# dog walking/sitting



## baskerville (Mar 2, 2014)

Hi all! Just looking for some advice, thinking of starting dog walking and sitting service in my local area. Read a few websites and been looking for info on what I need to do to start up but thought if there was anyone on here who had first hand experience it would be great! What insurance do I need? Are there regulations? Im in scotland and some laws seem to be different here! 
Any help/ info would be so greatly appreciated
Thanks in advance


----------



## BoredomBusters (Dec 8, 2011)

Legally you need public liability insurance to trade as a business. You would also be wise to get specific trade insurance - so look into Cliverton and Pet Business Insurance.

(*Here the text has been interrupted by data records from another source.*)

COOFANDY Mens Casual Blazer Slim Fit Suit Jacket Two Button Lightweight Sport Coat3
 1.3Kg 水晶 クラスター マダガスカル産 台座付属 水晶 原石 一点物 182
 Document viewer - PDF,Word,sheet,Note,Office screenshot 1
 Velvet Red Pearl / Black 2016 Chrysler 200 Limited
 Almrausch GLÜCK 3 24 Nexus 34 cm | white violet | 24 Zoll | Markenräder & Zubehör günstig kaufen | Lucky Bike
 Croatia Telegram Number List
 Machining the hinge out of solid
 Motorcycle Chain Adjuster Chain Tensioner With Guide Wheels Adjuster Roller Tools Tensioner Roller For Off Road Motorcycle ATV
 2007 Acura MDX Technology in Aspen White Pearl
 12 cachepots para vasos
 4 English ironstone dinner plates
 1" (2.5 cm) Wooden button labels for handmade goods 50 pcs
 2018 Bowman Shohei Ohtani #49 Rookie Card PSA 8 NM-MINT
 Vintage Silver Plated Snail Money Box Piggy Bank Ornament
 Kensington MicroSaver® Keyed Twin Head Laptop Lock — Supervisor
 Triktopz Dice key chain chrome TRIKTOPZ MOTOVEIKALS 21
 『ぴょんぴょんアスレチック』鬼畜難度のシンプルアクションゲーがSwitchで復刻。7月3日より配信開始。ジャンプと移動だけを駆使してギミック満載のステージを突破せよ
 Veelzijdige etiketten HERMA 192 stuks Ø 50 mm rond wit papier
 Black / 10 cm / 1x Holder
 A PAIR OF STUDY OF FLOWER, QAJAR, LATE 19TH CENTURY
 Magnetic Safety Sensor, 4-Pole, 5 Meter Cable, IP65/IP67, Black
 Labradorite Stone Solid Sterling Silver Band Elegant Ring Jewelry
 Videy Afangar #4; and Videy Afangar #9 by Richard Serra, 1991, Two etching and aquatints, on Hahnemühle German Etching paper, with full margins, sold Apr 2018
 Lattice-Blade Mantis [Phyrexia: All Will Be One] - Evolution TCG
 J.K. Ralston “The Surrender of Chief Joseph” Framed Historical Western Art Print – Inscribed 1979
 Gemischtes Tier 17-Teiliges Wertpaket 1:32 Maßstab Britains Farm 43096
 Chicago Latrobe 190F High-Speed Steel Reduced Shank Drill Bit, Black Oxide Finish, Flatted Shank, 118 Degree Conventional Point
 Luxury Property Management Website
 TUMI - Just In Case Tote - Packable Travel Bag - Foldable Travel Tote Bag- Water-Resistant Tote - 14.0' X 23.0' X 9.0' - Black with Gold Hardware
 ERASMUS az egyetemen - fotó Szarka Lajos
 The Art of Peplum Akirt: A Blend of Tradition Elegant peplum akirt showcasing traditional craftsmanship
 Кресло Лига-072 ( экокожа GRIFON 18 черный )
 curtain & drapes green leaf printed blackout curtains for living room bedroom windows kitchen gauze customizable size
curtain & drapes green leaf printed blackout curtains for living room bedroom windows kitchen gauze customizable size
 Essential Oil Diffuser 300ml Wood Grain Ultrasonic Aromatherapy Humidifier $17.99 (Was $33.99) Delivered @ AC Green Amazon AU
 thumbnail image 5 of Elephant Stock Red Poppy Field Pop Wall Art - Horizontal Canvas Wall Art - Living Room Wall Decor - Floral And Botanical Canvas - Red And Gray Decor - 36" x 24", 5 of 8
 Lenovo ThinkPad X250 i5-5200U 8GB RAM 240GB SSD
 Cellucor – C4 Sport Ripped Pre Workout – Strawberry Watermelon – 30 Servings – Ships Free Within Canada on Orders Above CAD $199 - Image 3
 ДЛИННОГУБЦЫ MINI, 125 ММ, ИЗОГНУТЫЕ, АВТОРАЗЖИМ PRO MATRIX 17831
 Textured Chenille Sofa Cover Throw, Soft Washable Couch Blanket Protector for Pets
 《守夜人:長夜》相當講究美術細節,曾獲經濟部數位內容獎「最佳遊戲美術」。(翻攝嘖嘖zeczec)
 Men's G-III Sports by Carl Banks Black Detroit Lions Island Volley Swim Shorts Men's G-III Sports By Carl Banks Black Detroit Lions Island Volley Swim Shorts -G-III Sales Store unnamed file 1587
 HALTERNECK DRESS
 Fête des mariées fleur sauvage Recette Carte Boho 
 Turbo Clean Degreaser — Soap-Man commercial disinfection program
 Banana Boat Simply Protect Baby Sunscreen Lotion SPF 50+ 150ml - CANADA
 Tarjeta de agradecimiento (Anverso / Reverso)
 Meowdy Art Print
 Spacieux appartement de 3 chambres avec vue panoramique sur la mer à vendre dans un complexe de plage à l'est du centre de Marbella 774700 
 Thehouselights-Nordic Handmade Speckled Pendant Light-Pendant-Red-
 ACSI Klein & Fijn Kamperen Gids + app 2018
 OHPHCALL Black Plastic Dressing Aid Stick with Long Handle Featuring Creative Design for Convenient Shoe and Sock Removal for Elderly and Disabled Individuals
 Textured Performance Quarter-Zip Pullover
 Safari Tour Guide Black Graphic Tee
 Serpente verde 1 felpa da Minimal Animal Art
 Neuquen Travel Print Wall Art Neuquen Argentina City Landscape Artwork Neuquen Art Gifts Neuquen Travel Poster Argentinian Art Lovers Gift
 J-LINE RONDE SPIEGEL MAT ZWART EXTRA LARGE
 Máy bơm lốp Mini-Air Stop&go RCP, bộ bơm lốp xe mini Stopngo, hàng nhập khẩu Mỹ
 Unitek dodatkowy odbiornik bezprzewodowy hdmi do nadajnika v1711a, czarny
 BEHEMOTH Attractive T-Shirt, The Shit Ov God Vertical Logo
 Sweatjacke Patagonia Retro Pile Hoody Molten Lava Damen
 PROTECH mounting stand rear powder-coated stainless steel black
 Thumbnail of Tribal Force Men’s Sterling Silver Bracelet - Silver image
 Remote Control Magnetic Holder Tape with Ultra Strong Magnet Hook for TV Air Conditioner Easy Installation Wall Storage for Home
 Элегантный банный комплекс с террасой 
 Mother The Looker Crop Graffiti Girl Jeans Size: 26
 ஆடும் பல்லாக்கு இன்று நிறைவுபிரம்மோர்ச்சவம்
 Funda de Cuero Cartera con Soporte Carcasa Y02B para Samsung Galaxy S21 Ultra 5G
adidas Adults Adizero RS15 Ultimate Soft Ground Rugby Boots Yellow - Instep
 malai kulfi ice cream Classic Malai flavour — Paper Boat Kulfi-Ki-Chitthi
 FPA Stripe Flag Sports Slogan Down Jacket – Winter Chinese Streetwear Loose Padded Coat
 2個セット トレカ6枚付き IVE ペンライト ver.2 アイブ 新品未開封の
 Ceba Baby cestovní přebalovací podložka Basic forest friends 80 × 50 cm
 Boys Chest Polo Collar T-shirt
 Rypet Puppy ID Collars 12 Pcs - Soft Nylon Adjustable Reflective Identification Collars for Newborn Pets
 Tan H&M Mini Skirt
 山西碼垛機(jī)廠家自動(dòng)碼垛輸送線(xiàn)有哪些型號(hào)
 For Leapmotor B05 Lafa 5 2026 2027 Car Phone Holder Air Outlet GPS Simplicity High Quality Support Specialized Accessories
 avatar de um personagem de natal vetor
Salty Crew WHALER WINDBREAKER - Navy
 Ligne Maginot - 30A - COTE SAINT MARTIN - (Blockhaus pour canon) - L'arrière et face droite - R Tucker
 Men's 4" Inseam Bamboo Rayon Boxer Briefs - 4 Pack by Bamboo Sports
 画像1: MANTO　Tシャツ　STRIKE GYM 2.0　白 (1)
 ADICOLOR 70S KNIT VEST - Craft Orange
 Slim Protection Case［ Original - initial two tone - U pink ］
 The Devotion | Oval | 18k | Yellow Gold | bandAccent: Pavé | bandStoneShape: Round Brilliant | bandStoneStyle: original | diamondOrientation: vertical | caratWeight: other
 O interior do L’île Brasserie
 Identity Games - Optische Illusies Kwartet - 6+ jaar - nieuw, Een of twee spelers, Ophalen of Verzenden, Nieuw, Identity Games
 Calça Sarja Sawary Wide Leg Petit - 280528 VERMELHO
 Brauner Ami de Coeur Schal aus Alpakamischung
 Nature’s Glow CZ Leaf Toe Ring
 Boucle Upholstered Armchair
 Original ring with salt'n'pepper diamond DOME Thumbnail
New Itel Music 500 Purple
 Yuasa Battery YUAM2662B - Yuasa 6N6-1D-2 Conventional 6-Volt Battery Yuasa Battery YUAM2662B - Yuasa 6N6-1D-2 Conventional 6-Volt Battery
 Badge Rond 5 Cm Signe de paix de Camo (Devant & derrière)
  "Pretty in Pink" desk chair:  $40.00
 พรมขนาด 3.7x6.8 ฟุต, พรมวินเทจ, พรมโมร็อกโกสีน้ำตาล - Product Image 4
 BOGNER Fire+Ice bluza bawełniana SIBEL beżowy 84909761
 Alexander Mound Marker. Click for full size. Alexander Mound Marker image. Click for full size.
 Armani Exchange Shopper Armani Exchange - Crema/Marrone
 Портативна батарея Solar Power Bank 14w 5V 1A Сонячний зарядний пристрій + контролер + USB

I don't know about laws in Scotland, you could start with your local council to see if there are any restrictions or licences needed.


----------



## xxJudexx (Sep 21, 2013)

Hello and welcome to the site :smile5:

I started my business in January so I can give a little advice.

As boredombusters has said you will need public liability insurance. I got my insurance from cliverton, it included public liability, care of animals, and key cover (something along those lines anyway!) and cost me about £100 for the year. You can get a quote instantly on their website.

You then need to think about exactly what service you will offer. Are you going to offer group walks or just one to one walks? This will make a difference to the type of vehicle and cages you may need.

It is very much worth getting a website, so far all my business has come through google searches and people seeing my website. I built my website through weebly and also got a dedicated email address too, it looks a lot more professional than a gmail/hotmail address!
Also start a facebook page and share as many photos as you can (as long as you have the owners permission!), this gets people liking and sharing the pictures and gets your page more likes.

It might be worth you putting a little list together of things you think you will need to get started and the potential costs, this list can then be added to when you remember something else and you will! It took me about two months of preparation before I could officially start and I did it with very little start up costs.

Good luck and if you have any other questions don't hesitate to ask, we are a pretty friendly bunch! :smile5:


----------



## baskerville (Mar 2, 2014)

Thank you both so much for your replies! Lots of very useful info, hadnt though of a couple of things! Been looking more online and going to start with a website and email, might get some flyers made and hand them out locally too!
Thank you again,

Have a great weekend everyone x


----------



## Nick72 (Apr 8, 2014)

I have been a dog walker now for about 18months and have a good client base. So to make things clear i am far from jealous, why is there no licence for dog walking. When me and my partner pick up the dogs for their walks we meet in a local common. And let the 6 dogs off lead when safe to, all the dogs are good at recall (take our secret weapon CHEESE. LoL). And we keep a keen eye on were they are at all times so we can clean their mess up. There is 1 walker that has about 7 dogs with just her and most of them are off lead. 7 dogs for one person is way too much there are many safety aspects to take into account i.e dogs fighting,run away dog and picking mess up.


----------